> [Aim of the exercise]: Beginning at the line that contains "A woman wearing" and finishing at the line that contains "Torquay, Torbay, South", output the data below exactly. Include both end lines and no pictures.

> [Entries shown]:
------
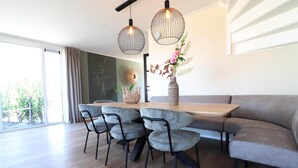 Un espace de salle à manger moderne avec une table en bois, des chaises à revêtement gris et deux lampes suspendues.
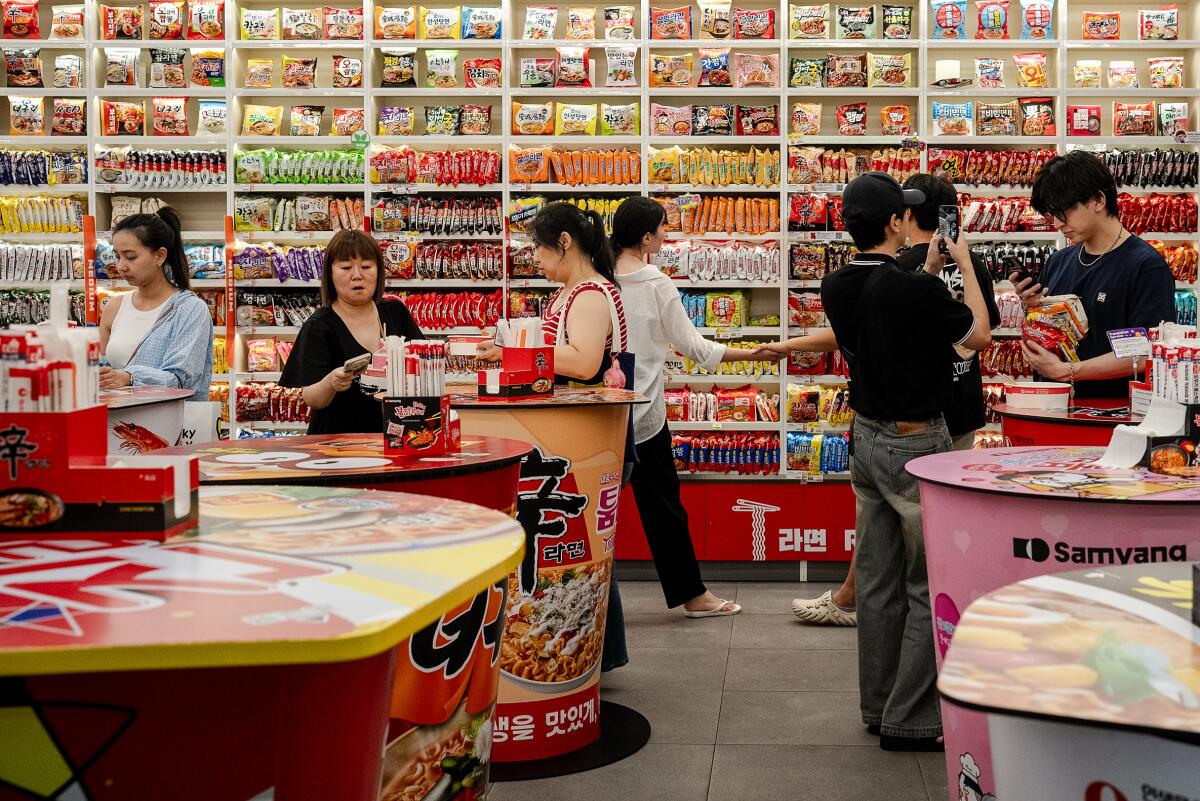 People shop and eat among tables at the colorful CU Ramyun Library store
------
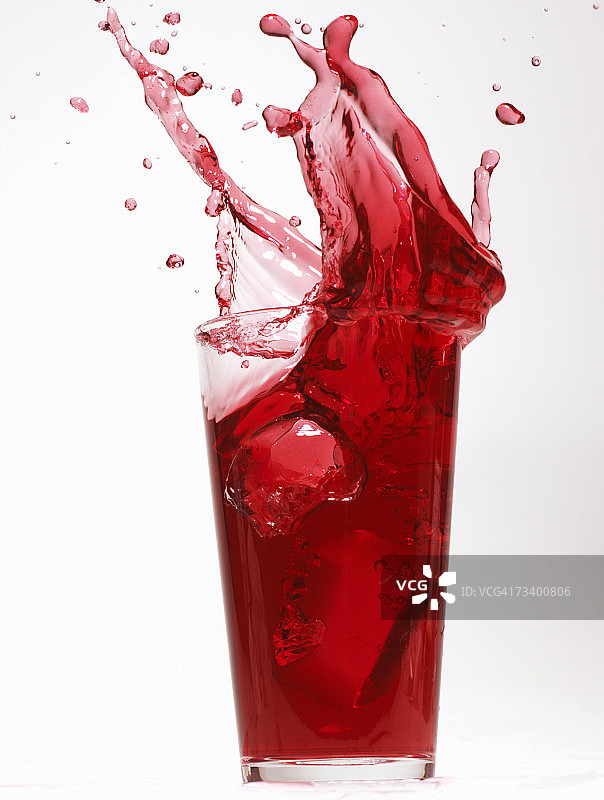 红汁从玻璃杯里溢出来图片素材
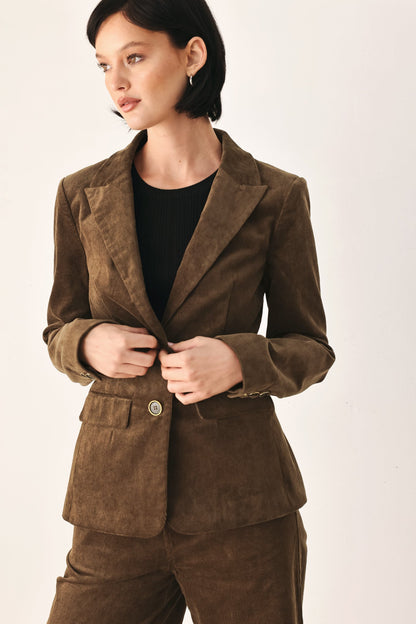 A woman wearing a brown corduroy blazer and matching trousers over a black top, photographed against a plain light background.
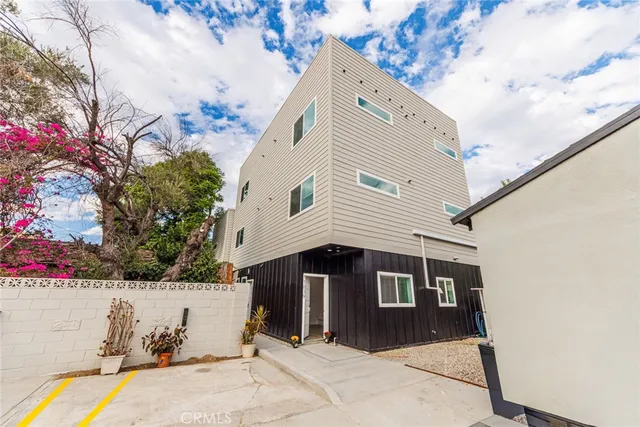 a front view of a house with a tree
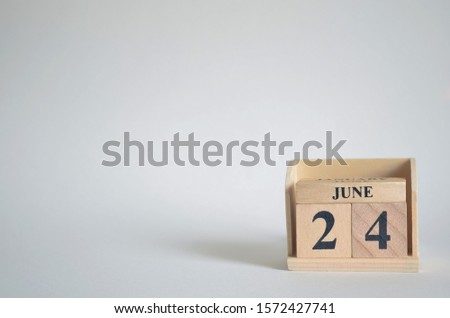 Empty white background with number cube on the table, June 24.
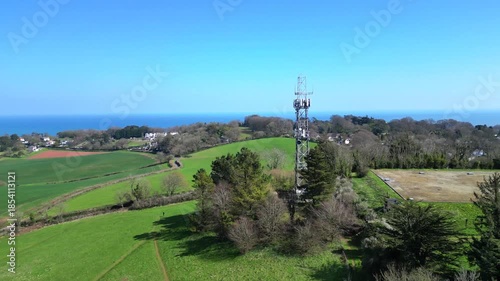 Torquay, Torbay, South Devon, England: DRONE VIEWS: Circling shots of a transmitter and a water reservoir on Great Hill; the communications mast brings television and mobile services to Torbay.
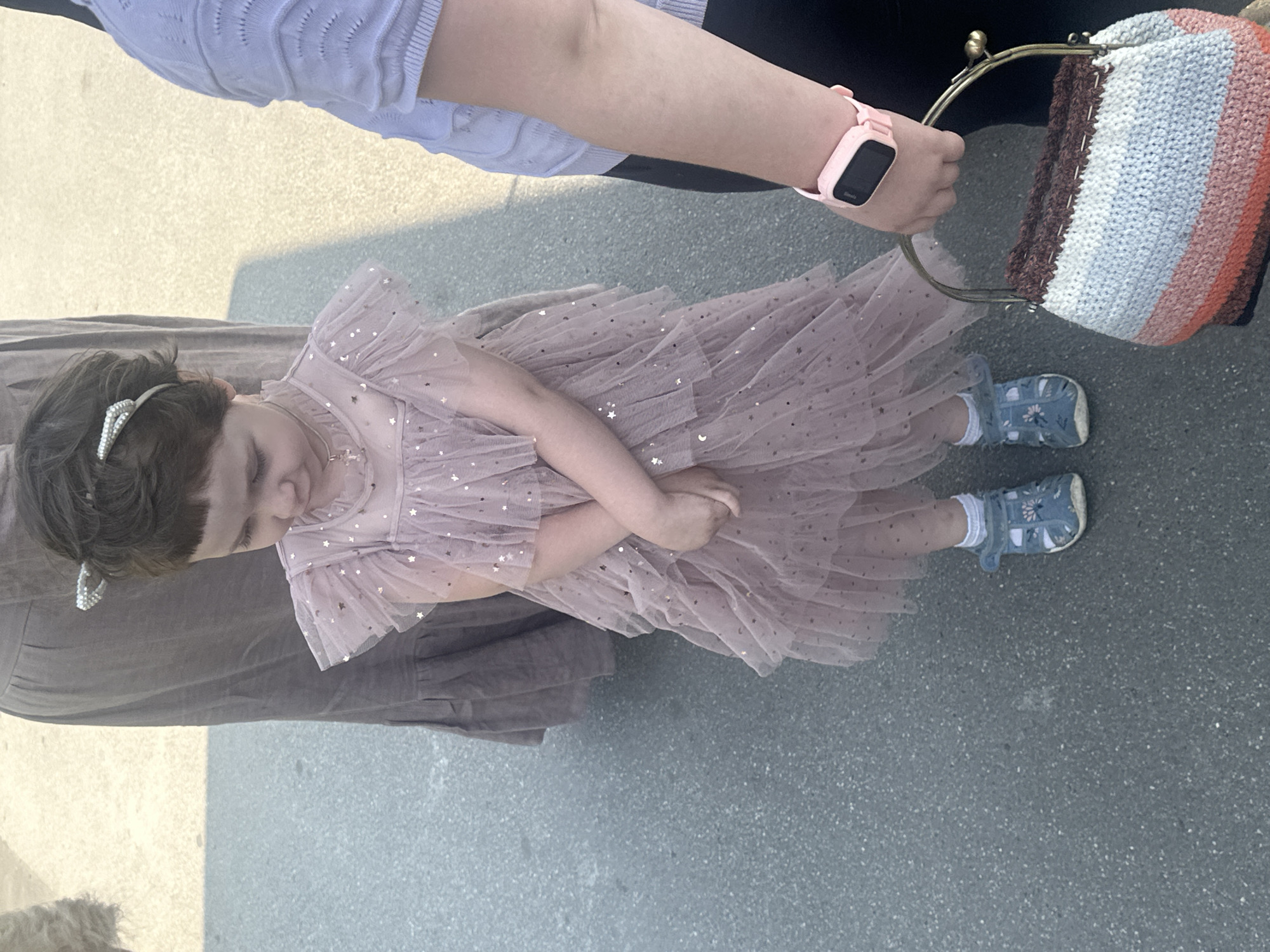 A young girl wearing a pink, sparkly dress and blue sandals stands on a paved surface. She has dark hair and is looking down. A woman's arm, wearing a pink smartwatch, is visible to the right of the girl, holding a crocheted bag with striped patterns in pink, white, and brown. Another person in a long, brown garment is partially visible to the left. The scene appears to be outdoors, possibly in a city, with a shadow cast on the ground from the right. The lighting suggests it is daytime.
------
> [The completed task]:
 A woman wearing a brown corduroy blazer and matching trousers over a black top, photographed against a plain light background.
 a front view of a house with a tree
 Empty white background with number cube on the table, June 24.
 Torquay, Torbay, South Devon, England: DRONE VIEWS: Circling shots of a transmitter and a water reservoir on Great Hill; the communications mast brings television and mobile services to Torbay.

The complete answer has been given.